I was inundated by responses to an advertisement I placed in a local newspaper that was taken up and circulated nationally by a newshound of the paper. One elderly woman who must have had some knowledge of wartime evacuation offered to meet children at her local railway station if they bore notices of their names. After lengthy narrowing of the scope someone who already knew the subject took up the placement. One child who had languished in a children’s home for many years was eventually provided with missing history and successfully placed; but not before I had felt obliged to remove him from the first prospective adoptees.

In those days the local authority had the role of guardian ad litem as appointed by the court to look after a child who was the subject of adoption, and was required to present a report on this. On one occasion I was offered a bribe to support an application which I opposed.

Over the years subsequent legislation has provided for advances to backs of envelopes, and qualifications for the task. I was to become a consultant for various agencies and to chair two adoption and one fostering panels – systems which were to take decades to evolve. More will follow on these in due course.

49 comments

  1. For several years in the eighties I was a foster carer and saw how the process worked and the challenges facing the social workers. I shall follow this period of your life with very great interest, Derrick.

  2. I have both family and friends who were adopted as babies. It is interesting how they have come to terms with this over the years. What a difficult area of human nature to be involved in!

    1. It was a bit of a surprise – I hadn’t even told my very nice insurance company boss, because I thought this was just exploratory 🙂 Thanks very much, Laurie

  3. But did you accept the bribe? 🙂 What a difficult job.
    i was thinking that Chaucer should have had The Castle’s Tale. Knights, castles, you know.

  4. This is a subject very close to my heart, Derrick. It is fascinating that 22 years after the end of the war there were still children misplaced by it. How did that happen?
    I am fully aware of the history and current function of the US Department of Children and Families, but ignorant of the British system, of course. It is quite instructive to learn from an insider’s experience.

  5. I am sure you gave your utmost and did a wonderful job. I am not sure that hiring and training has advanced that much here when it comes to child services, and sadly there is no oversight of those on the frontline. So glad that you were a part of making your service work better for the children involved.

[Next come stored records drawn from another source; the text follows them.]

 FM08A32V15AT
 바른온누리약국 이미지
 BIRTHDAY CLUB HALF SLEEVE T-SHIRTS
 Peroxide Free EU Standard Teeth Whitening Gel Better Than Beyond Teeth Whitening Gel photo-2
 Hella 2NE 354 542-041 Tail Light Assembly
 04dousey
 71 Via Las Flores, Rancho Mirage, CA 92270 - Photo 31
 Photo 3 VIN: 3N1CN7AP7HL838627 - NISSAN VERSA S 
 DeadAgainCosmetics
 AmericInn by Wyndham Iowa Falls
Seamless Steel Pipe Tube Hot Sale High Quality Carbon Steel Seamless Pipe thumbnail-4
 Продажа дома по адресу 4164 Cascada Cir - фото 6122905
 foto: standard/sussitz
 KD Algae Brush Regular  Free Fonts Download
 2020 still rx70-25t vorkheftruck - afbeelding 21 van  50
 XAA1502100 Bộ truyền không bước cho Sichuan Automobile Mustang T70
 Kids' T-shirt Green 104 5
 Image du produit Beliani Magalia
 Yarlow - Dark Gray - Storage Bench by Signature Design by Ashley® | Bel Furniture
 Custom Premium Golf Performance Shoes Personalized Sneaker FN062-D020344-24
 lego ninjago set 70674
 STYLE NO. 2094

  6. Thank you for doing that work and for making a positive difference! It’s so interesting to read about! I look forward to the more to follow posts.
    I have 2 relatives that were adopted as infants. Their stories are fascinating.
    (((HUGS))) 🙂

  7. You held a very important job, Derrick, one that involved lives. I am not surprised you were chosen for this position, and without question, I know you were one of the very best.

  8. Having spent all my life dealing with children I can not imagine the stress that being involved full time with the adoption world would be. I wouldn’t have envied you Derrick.

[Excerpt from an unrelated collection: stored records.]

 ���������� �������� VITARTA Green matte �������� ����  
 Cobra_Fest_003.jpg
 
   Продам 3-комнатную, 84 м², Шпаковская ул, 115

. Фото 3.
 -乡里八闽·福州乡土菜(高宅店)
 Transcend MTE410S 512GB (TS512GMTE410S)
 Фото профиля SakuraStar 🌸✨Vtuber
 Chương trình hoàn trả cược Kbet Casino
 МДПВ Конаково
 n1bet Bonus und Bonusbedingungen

  9. Oh, my Derrick. I cannot imagine the decisions you would have had to made in that position. And, I am guessing, quite a bit of worry and hard thoughts about those decisions both before and after. I’m sure you were perfect for the job – even with only an envelope to guide you.

    My youngest daughter has just begun a new position counseling prisoners who will soon be released – trying to get them ready for life out of prison. She’s impressed because the first 2 weeks are pure training – including CPR. So things have progressed from your day, surely.